Suara-suara sumbang memprovokasi agar mengabaikan hasil lab dan nasihat dokter, untuk sejenak makan makanan sarat kolesterol.
Kemudian saya menurunkan standar. Memesan semangkuk soto Padang tanpa lontong maupun nasi. Tambah sambal saja.
Dalam satu mangkuk kertas tahan panas berisi: bihun/mi putih, dua perkedel seukuran kelereng dipipihkan, beberapa keping daging goreng tipis, kerupuk merah, irisan seledri, dan kuah.
Dengan cepat saya menghabiskan semangkuk soto (volumenya kira-kira separuh mangkuk bakso) yang ditebus dengan harga Rp30 ribu.
Lama sekali tidak merasakan soto Padang.

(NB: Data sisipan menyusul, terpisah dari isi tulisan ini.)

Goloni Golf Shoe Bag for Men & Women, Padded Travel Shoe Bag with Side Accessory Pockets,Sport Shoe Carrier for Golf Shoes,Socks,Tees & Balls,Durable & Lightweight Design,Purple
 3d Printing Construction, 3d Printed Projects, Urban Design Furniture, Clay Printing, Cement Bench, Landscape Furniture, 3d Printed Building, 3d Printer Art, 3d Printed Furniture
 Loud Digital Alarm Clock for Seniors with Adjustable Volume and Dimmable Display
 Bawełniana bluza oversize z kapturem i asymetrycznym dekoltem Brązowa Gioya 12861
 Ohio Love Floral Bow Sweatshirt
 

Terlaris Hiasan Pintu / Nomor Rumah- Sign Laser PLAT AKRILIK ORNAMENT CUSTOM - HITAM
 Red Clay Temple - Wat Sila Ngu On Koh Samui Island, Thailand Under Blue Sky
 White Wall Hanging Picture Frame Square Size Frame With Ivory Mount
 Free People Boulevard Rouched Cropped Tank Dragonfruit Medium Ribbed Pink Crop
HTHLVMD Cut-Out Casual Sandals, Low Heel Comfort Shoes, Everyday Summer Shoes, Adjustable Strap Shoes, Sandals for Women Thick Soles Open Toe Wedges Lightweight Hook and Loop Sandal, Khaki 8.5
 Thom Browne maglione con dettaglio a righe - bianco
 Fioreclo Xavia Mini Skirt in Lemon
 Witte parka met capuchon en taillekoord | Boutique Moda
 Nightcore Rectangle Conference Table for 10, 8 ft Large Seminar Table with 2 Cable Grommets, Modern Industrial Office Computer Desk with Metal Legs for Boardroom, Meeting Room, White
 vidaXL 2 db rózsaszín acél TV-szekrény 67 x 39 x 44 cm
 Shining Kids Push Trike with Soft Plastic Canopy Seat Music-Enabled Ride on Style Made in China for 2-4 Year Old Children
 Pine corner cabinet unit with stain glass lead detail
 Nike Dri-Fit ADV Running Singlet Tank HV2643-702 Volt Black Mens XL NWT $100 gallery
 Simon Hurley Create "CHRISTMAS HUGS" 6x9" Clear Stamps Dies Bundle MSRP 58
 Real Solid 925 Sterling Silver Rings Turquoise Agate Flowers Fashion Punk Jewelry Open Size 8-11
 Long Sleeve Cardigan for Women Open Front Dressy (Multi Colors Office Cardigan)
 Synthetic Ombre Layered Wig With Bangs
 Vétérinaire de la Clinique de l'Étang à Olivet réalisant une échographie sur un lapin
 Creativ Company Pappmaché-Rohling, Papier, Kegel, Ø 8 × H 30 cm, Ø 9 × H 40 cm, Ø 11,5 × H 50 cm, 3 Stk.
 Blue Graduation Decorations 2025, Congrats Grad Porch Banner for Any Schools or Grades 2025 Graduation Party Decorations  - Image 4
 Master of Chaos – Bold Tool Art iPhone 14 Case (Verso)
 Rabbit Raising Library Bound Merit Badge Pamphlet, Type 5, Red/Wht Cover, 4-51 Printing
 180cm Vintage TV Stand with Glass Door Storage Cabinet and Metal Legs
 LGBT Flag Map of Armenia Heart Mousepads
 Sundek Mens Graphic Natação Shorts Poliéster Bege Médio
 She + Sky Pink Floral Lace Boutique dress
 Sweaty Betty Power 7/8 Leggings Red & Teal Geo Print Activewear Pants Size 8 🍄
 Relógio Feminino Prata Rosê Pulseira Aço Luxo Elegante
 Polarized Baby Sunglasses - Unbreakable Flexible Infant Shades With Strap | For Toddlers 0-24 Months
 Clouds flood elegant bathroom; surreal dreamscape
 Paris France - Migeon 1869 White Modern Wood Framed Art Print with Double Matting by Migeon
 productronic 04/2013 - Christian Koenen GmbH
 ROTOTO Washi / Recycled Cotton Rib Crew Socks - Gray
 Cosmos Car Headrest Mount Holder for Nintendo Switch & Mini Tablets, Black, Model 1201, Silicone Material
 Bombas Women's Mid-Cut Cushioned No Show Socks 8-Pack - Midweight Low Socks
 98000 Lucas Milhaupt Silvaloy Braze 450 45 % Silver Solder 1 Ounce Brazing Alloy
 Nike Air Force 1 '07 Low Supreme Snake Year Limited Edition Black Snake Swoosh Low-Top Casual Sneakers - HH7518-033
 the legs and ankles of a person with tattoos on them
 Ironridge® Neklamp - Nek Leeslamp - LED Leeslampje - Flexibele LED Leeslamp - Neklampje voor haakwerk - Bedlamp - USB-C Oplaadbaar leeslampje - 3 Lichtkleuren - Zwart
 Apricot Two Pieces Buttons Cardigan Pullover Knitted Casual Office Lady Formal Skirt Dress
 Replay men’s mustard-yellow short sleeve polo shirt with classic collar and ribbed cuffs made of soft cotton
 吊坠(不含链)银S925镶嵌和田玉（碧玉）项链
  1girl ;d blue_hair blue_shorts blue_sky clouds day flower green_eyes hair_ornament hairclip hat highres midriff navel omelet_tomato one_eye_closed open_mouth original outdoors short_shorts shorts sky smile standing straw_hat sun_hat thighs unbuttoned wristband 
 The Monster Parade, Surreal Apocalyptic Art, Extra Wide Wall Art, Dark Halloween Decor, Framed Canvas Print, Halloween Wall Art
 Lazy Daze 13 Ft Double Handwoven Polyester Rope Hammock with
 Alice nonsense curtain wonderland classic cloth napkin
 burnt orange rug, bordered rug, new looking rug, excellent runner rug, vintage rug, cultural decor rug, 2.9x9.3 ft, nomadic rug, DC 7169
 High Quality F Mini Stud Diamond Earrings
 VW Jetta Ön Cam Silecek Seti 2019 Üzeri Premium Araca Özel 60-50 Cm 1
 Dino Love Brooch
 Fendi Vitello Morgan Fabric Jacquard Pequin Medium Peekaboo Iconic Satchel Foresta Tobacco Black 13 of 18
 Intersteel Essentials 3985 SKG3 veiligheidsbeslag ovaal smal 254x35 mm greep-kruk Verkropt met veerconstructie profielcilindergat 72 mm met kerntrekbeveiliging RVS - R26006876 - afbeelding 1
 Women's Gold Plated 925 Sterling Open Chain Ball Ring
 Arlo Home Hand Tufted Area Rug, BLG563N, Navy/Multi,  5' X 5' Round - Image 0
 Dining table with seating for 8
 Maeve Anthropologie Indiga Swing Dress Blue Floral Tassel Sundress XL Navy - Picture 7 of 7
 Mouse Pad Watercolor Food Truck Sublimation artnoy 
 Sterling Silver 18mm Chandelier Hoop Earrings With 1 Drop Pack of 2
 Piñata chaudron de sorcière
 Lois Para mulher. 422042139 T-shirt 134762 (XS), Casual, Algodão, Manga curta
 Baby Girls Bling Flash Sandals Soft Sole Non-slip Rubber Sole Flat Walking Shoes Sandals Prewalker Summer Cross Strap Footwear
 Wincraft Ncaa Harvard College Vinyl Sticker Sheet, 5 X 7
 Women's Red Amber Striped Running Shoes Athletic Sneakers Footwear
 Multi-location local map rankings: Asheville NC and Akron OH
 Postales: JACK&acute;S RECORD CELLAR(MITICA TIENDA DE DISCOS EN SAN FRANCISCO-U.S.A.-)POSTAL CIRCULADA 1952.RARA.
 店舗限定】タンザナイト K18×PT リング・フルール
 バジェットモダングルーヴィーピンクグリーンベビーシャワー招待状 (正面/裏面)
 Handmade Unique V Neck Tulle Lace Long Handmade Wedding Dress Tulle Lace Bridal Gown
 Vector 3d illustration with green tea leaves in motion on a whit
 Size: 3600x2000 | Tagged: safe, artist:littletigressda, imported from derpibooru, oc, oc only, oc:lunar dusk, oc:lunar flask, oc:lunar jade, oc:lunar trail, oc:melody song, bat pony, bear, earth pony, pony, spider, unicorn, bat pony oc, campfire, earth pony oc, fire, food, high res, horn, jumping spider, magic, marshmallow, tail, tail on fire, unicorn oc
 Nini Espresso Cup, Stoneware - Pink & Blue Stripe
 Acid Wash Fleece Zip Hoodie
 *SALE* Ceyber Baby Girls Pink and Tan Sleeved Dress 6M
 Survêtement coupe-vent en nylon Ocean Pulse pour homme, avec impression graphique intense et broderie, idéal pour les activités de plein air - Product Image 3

Memang tidak seenak di pasar Pramuka Jakarta Timur yang dulu sering disambangi.
Kendati demikian, saya menikmati rasa soto Padang di Festival masakan khas Bukittinggi di pelataran GOR Pajajaran, Kota Bogor.
Selama ini saya belum menemukan penjual soto semacam itu di Kota Hujan. Barangkali ada pembaca yang mengetahuinya?
Karena belum terasa nendang di perut, rasanya ingin makan nasi gulai kepala kakap. Atau nasi randang sambal lado ijo. Atau.....
Ah, lupakan! Akhirnya saya memesan martabak Kubang.